Infine la nuova programmazione dei fondi strutturali, nonostante sia stata tanto declamata una sua semplificazione, rimane ancora oggi di un’estrema complessità, spesso difficile da gestire e frutto di una mentalità ancora troppo burocratica e dirigista che pretende di programmare la destinazione di decine di miliardi nei minimi dettagli e per i prossimi sette anni senza fornire, al di là della retorica e delle tante parole spese in merito, dei contenuti realmente tangibili.

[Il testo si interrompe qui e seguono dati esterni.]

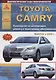 Toyota Camry Выпуск с 2006 с бензиновыми двигателями 2,4  3,5 л. Руководство по ремонту. ТО - фото 1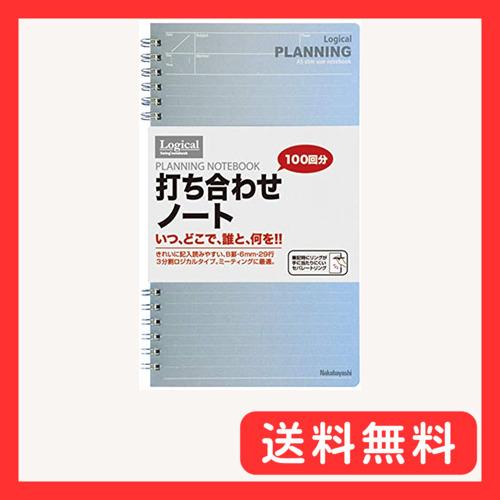 ナカバヤシ スイング ロジカル PLANNINGノト/A5スリム NW-SA501-2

Non ci resta che attendere le prossime mosse per la definizione dei PO per poter meglio giudicare della reale portata innovativa delle nuova programmazione 2014–2020.

Margherita Barberio
Esperta in politiche europee
L’articolo di Margherita Barberio è stato pubblicato in Prospettive Sociali e Sanitarie, nr. 4 novembre 2014

Note

  1. Da febbraio 2013 sono stati organizzati quattro Tavoli tecnici di confronto partenariale che hanno lavorato alla definizione dei contenuti dell’Accordo: “Lavoro, competitività dei sistemi produttivi e innovazione”; “Valorizzazione, gestione e tutela dell’ambiente”; “Qualità della vita e inclusione sociale”; “Istruzione, formazione e competenze”. Questi tavoli tecnici sono stati affiancati dai lavori di un “tavolo politico” che ha visto la partecipazione del Ministero per la coesione territoriale e i Presidenti delle Regioni.
  2. “Il concetto di ‘inclusione sociale’, affermatosi a livello comunitario, comprende l’accesso di tutti i cittadini alle risorse di base, ai servizi sociali, al mercato del lavoro e ai diritti necessari ‘per partecipare pienamente alla vita economica, sociale e culturale, e per godere di un tenore di vita e di un benessere considerati normali nella società in cui vivono’. In altri termini per inclusione sociale si intende il superamento, per la più grande quota di persone possibile di livelli di servizio socialmente accettabile nelle molteplici dimensioni del proprio vivere: istruzione, sicurezza, salute, abitazione, ambiente, rispetto di sé, ecc.”. Questa è la definizione di inclusione sociale riportata nella versione definitiva dell’Accordo di partenariato: un inclusione integrata che contribuisca a rendere i soggetti svantaggiati o a rischio di povertà economicamente e socialmente inseriti.
  3. Comunicazione della Commissione: “Europa 2020. Una strategia per una crescita intelligente, sostenibile e inclusiva”, COM (2010) 2020, 3.3.2010.
  4. L’inclusione sociale attiva è un’espressione, coniata in ambito comunitario e significa la coniugazione di misure passive e attive di inserimento e/o reinserimento socio lavorativo. In particolare, la Commission Recommendation 2008 sull’inclusione attiva raccomanda agli Stati Membri di elaborare ed applicare una strategia globale e integrata a favore dell’inclusione attiva delle persone escluse dal mercato del lavoro basata sulla combinazione di tre parti: (a) adeguato sostegno al reddito, (b) mercati del lavoro in grado di favorire l’inserimento e (c) l’accesso a servizi di qualità. Le politiche di inclusione attiva dovrebbero facilitare l’integrazione delle persone in posti di lavoro sostenibili e di qualità di coloro che sono in grado di lavorare e di fornire a coloro che non ne sono in grado risorse sufficienti per vivere dignitosamente, sostenendone partecipazione sociale.
  5. Promuovere l’occupazione e sostenere la mobilità dei lavoratori; b. Investire nell’istruzione, nelle competenze e nell’apprendimento permanente; c. Promuovere l’inclusione sociale e la povertà; d. Rafforzare la capacità istituzionale e promuovere un’amministrazione pubblica efficiente.